Con ocasión de su cumpleaños le regalamos a mi padre, enfermo de alzhéimer, un puzle apropiado para niños de unos 3 años. Estuvo bastante tiempo entretenido en encajar la última de sus cuatro grandes piezas. La daba vueltas y vueltas, pero no acababa de situarla correctamente. Yo le observaba. En uno de esos movimientos, y de forma casual, la pieza cayó en su lugar. Le miré. Me sorprendió la cara de felicidad que tenía.
Todos buscamos nuestro sitio en la vida. Responder a esa estremecedora pregunta que Dios nos hace: «¿Dónde estás?» (Gn 3,9) y poder decir: «Donde me has pensado desde tu eterna bondad».
¿Por qué necesitamos encontrar nuestro lugar? Quizás intuimos que en ello radica nuestra felicidad. En la armonía que se percibe cuando hay adecuación entre nuestras aspiraciones y la posibilidad de su cumplimiento. Como ocurre en las orquestas cuando cada instrumento encuentra su momento de tocar.

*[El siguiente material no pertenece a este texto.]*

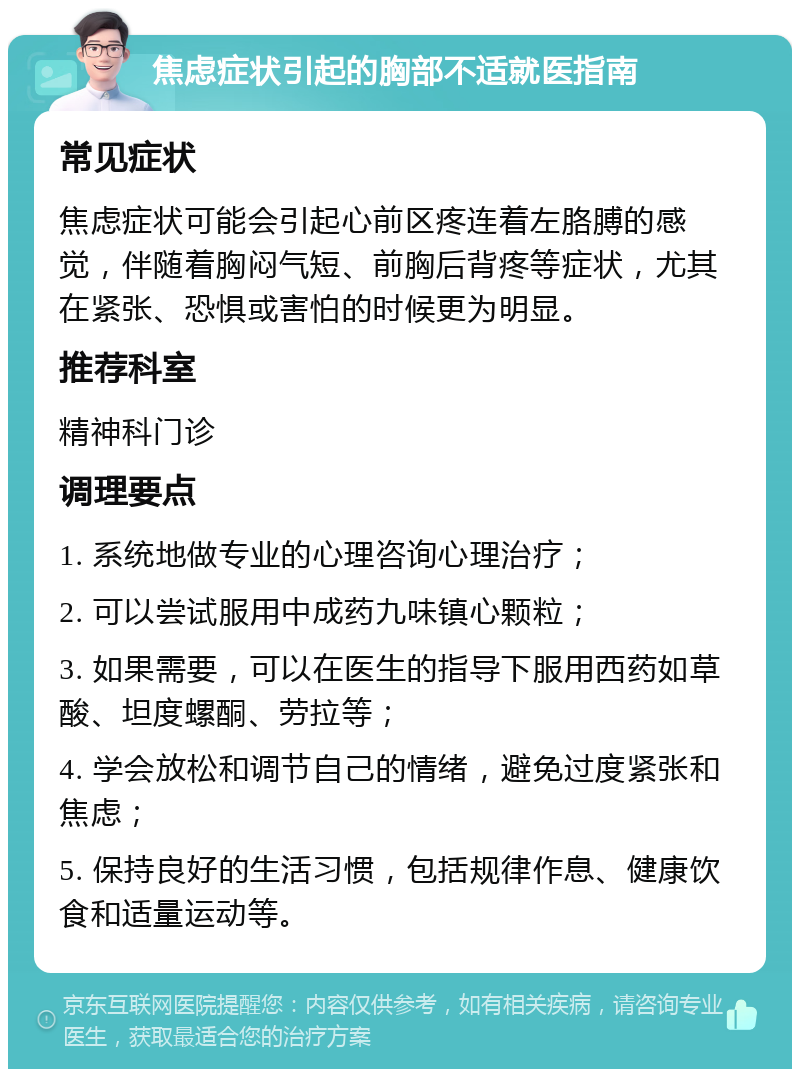 焦虑症状引起的胸部不适就医指南 常见症状 焦虑症状可能会引起心前区疼连着左胳膊的感觉，伴随着胸闷气短、前胸后背疼等症状，尤其在紧张、恐惧或害怕的时候更为明显。 推荐科室 精神科门诊 调理要点 1. 系统地做专业的心理咨询心理治疗； 2. 可以尝试服用中成药九味镇心颗粒； 3. 如果需要，可以在医生的指导下服用西药如草酸、坦度螺酮、劳拉等； 4. 学会放松和调节自己的情绪，避免过度紧张和焦虑； 5. 保持良好的生活习惯，包括规律作息、健康饮食和适量运动等。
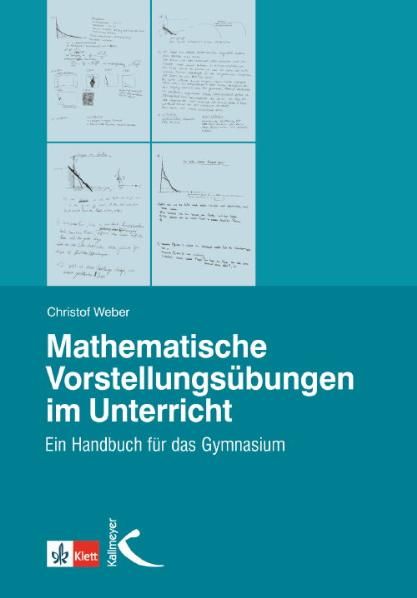 Produktbild: Mathematische Vorstellungs&uuml;bungen im Unterricht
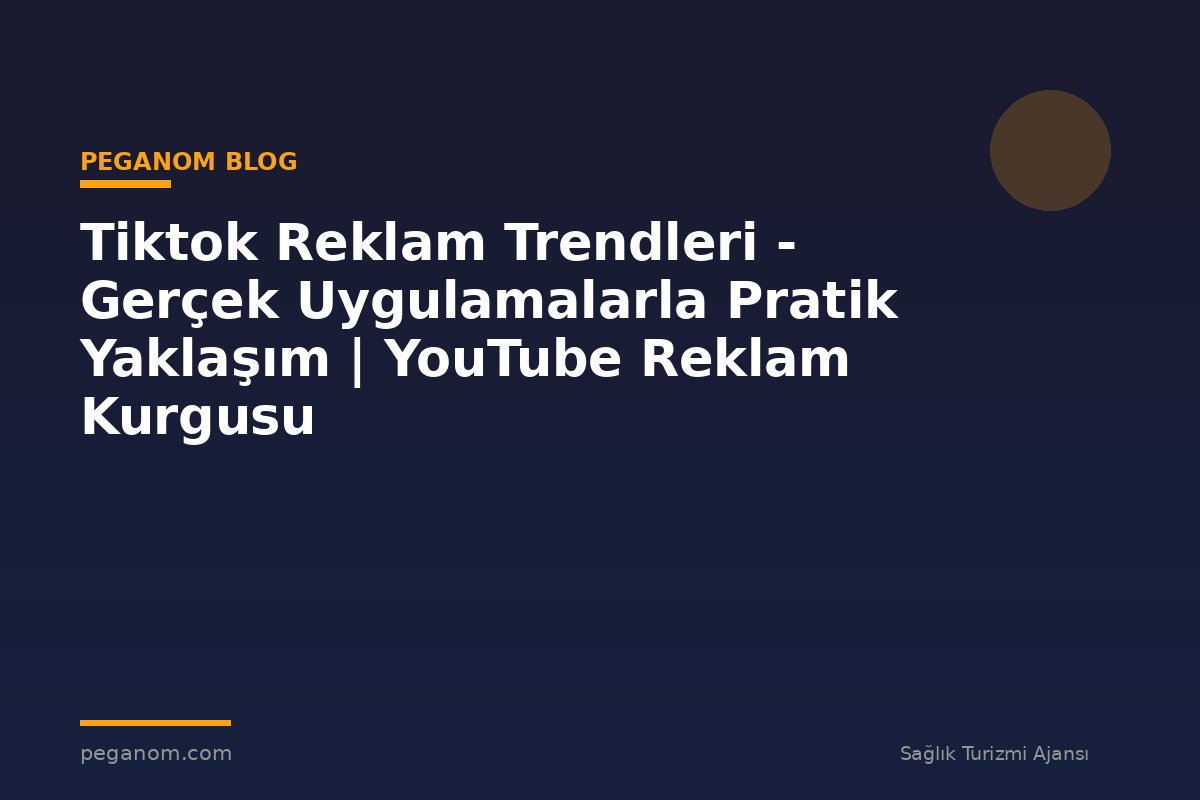Tiktok Reklam Trendleri - Gerçek Uygulamalarla Pratik Yaklaşım | YouTube Reklam Kurgusu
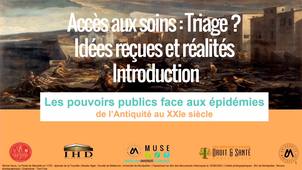 Les pouvoirs publics face aux épidémies - Accès aux soins : Triage ? Idées reçues et réalités - Introduction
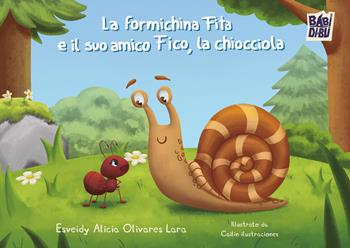 La formichina Fita e il suo amico Fico, la chiocciola - Esveidy Alicia Olivares Lara - Libro BABIDI-BÚ 2026, La casetta sdrucciola | Libraccio.it
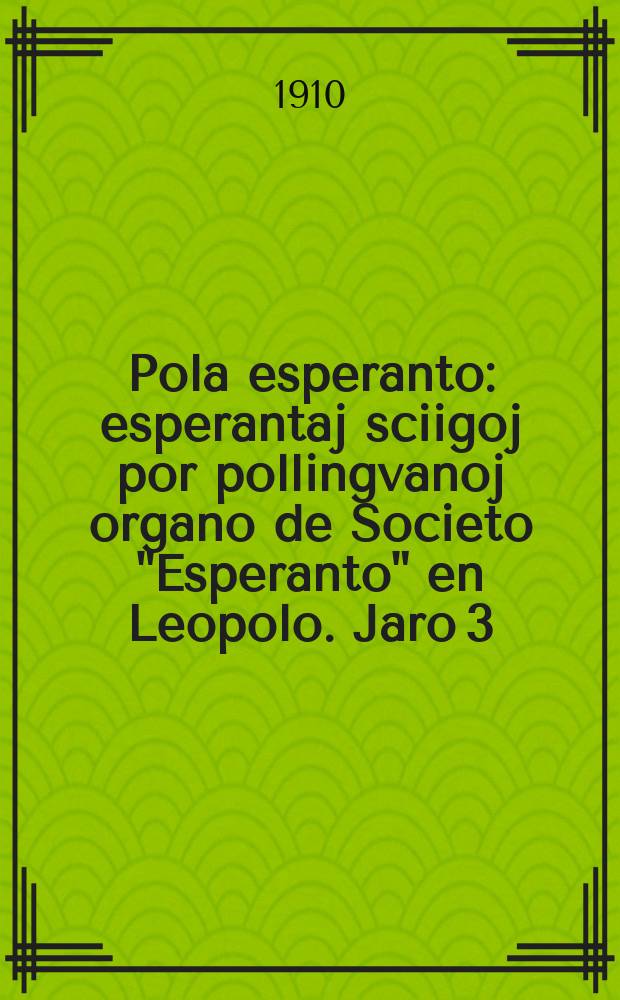 Pola esperanto : esperantaj sciigoj por pollingvanoj organo de Societo "Esperanto" en Leopolo. Jaro 3 (5) 1910, № 9/10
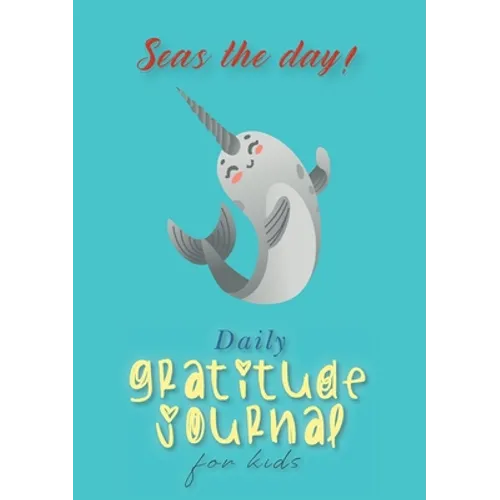 Seas the Day! Daily Gratitude Journal for Kids (A5 - 5.8 x 8.3 inch) - Paperback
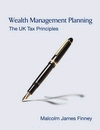 Wealth Management Planning: The UK Tax Principles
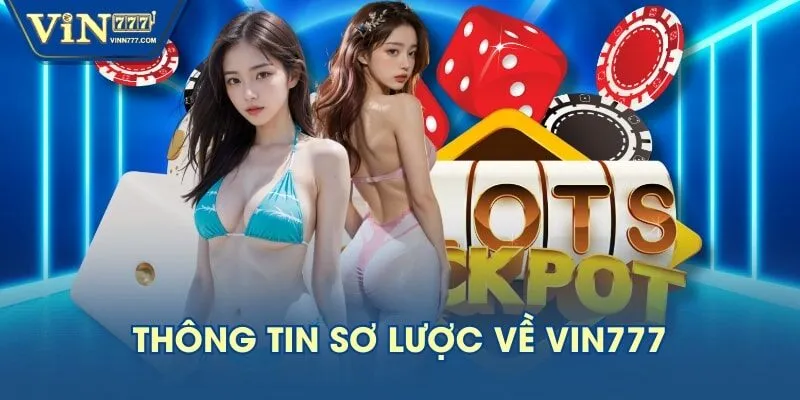 Thông tin sơ lược về VIN777
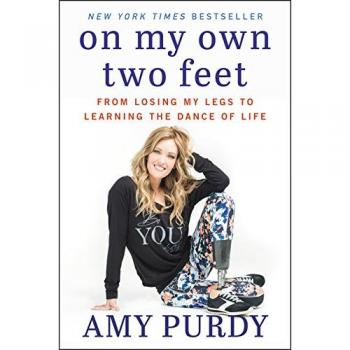 On My Own Two Feet : From Losing My Legs to Learning the Dance of Life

No siempre es fácil ese descubrimiento. Damos vueltas como piezas de un puzle que caminan hacia su destino intentando encajar en sitios a veces muy altos que nos superan, otros muy pequeños que disminuyen nuestra dignidad.

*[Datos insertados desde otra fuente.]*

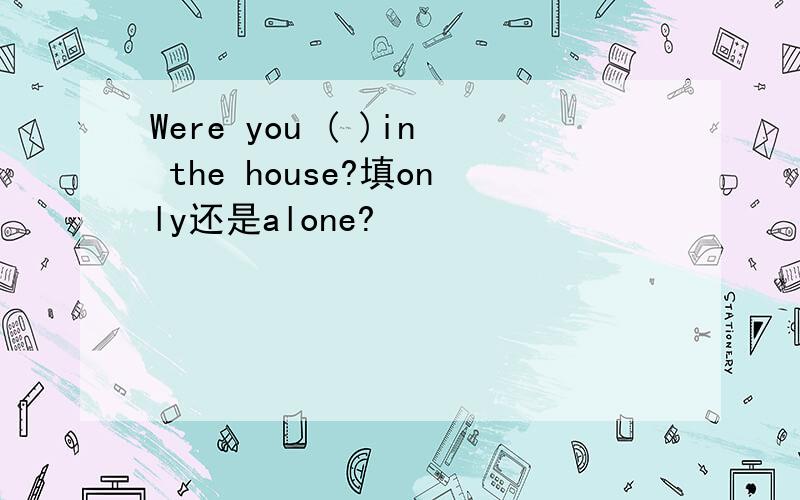 Were you ( )in the house?填only还是alone?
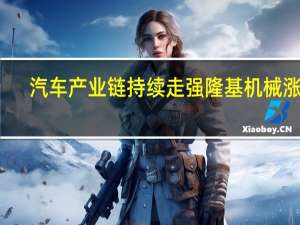 汽车产业链持续走强隆基机械涨停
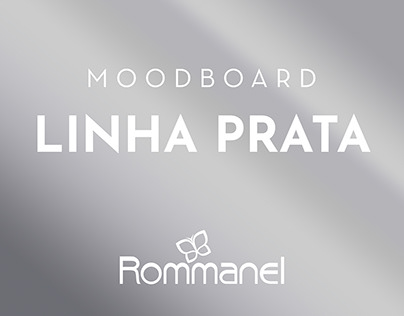 MOODBOARD LINHA PRATA 925 - ROMMANEL​​​​​​​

De pronto llega una mañana, aparentemente como todas las demás pero muy diferente. Lo externo es igual, pero dentro ha ocurrido algo muy importante: «He descubierto mi sitio, mi sentido», con absoluta seguridad, aunque sin evidencias; y la existencia deja de ser casualidad, caos, confusión y oscuridad.
En esto tan sencillo puede consistir la felicidad: en habitar siempre en ese lugar en el que todo es bienaventuranza, paraíso terrenal porque obtenemos lo necesario para el desarrollo en plenitud de nuestra propia persona, «porque allí manda el Señor la bendición, la vida para siempre» (salmo 132).
Mi vida y la tuya se convierten así en historia de salvación, piezas encajadas que colman, con su propio contenido, todo el universo contribuyendo al terminado del puzle humano en su totalidad. Ojalá podamos siempre decir sí a nuestro lugar, sin miedo.